NAACP Protests NCAA Women’s Basketball Tournament Game in South Carolina

AP Photo/Dave Martin
AP Photo/Dave Martin

The South Carolina chapter of the NAACP expresses outrage at the NCAA because the collegiate athletic governing body scheduled part of the women’s basketball tournament in the first Southern state to secede, where the capitol still flies the Confederate flag.

Although the NCAA has banned tournament games from the state since 2001, this game escaped the ban because a new rule stipulates that top-16 seeds earn the right to play at home. The home game for the Gamecocks could prove a powerful advantage; they led U.S. women’s college basketball in attendance this year, averaging 12,540 fans per game.
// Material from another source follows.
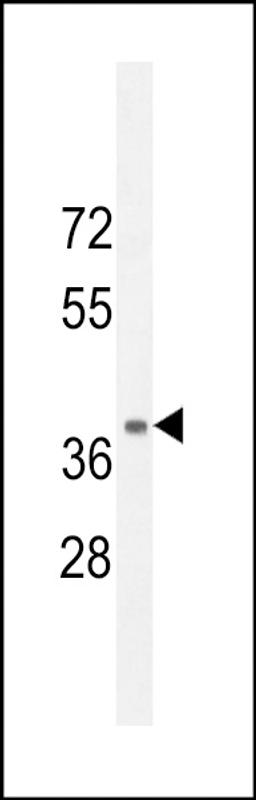 Western blot analysis in mouse kidney tissue lysates (35ug/lane).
South Carolina’s African-American coach, Dawn Staley, a three-time Olympian selected to carry the United States flag for the opening ceremony of the 2004 Summer Olympics, was frustrated in 2013 when NCAA rules forced her team to fly 1,620 miles to Boulder, Colorado, to play South Dakota State. The Gamecocks lost in the second round to Kansas, 75-69. She told The Daily Gamecock in 2013, “I understand the history here in South Carolina. It’s not my history, but it’s somebody’s history. I think it prevents us and it prevents me from doing my job in a place that I choose to call home. If it creates an opportunity for us not to have [an NCAA tournament game at home], then yes, I’m offended.”

After the Gamecocks lost to Kansas, Gene Sapakoff wrote in The Post and Courier, “The flag flap almost certainly cost South Carolina a trip to the Sweet 16 but ill-conceived NCAA punishment of our state isn’t effective. Worse, it has backfired and should be shelved.” He added, “Biggest losers in this latest NCAA mishap: an accomplished African-American basketball coach, Staley, and her predominantly African-American program.”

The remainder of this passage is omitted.